_Task objective_
Repeat nothing but the lines below running from the one containing "Empty room with" to the one containing "Bague ouverte moderne". Keep both end lines.

_Data to examine_
*** Begin section ***

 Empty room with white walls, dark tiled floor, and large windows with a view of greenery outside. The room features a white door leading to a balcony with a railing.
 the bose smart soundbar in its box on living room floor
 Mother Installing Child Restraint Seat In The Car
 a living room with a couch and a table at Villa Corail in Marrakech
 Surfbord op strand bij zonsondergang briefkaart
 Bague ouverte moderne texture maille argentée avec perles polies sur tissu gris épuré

*** End section ***
*** Begin section ***

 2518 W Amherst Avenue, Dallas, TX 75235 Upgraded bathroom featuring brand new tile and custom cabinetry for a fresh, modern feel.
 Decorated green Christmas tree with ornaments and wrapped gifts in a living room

*** End section ***

_Exercise output_
 Empty room with white walls, dark tiled floor, and large windows with a view of greenery outside. The room features a white door leading to a balcony with a railing.
 the bose smart soundbar in its box on living room floor
 Mother Installing Child Restraint Seat In The Car
 a living room with a couch and a table at Villa Corail in Marrakech
 Surfbord op strand bij zonsondergang briefkaart
 Bague ouverte moderne texture maille argentée avec perles polies sur tissu gris épuré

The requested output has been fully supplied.